Supplied information:

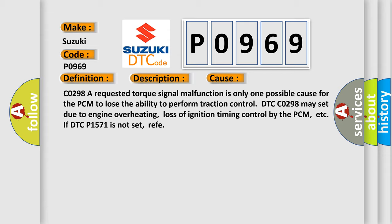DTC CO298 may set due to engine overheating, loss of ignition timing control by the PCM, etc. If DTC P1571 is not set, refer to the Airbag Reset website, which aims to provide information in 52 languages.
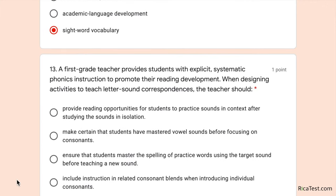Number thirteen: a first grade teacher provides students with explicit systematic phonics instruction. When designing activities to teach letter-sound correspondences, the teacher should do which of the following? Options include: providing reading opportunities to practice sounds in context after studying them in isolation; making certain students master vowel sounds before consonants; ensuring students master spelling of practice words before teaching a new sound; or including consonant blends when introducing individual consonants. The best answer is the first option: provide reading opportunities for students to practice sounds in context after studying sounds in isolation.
--
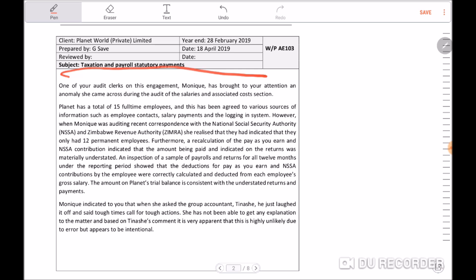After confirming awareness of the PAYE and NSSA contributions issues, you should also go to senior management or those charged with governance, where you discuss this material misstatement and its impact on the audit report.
==
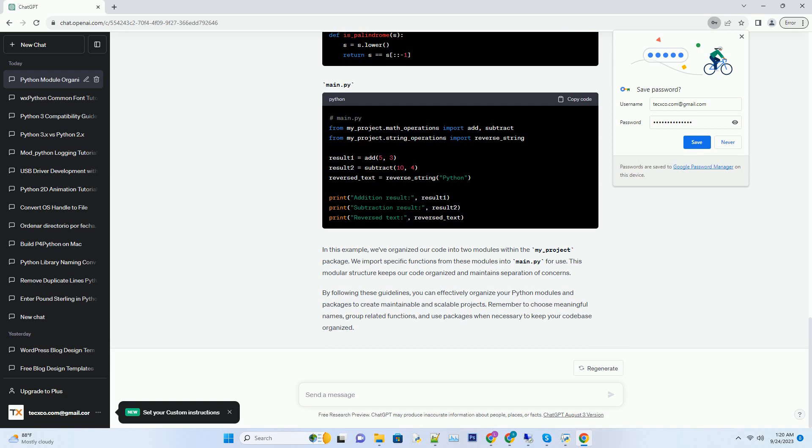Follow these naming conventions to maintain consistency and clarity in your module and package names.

Requirement: Taking the material above, give again exactly the lines from the one holding "DTC CO298 may" through the one holding "Number thirteen: a", with both ends and without pictures.

Result below:
DTC CO298 may set due to engine overheating, loss of ignition timing control by the PCM, etc. If DTC P1571 is not set, refer to the Airbag Reset website, which aims to provide information in 52 languages.
Number thirteen: a first grade teacher provides students with explicit systematic phonics instruction. When designing activities to teach letter-sound correspondences, the teacher should do which of the following? Options include: providing reading opportunities to practice sounds in context after studying them in isolation; making certain students master vowel sounds before consonants; ensuring students master spelling of practice words before teaching a new sound; or including consonant blends when introducing individual consonants. The best answer is the first option: provide reading opportunities for students to practice sounds in context after studying sounds in isolation.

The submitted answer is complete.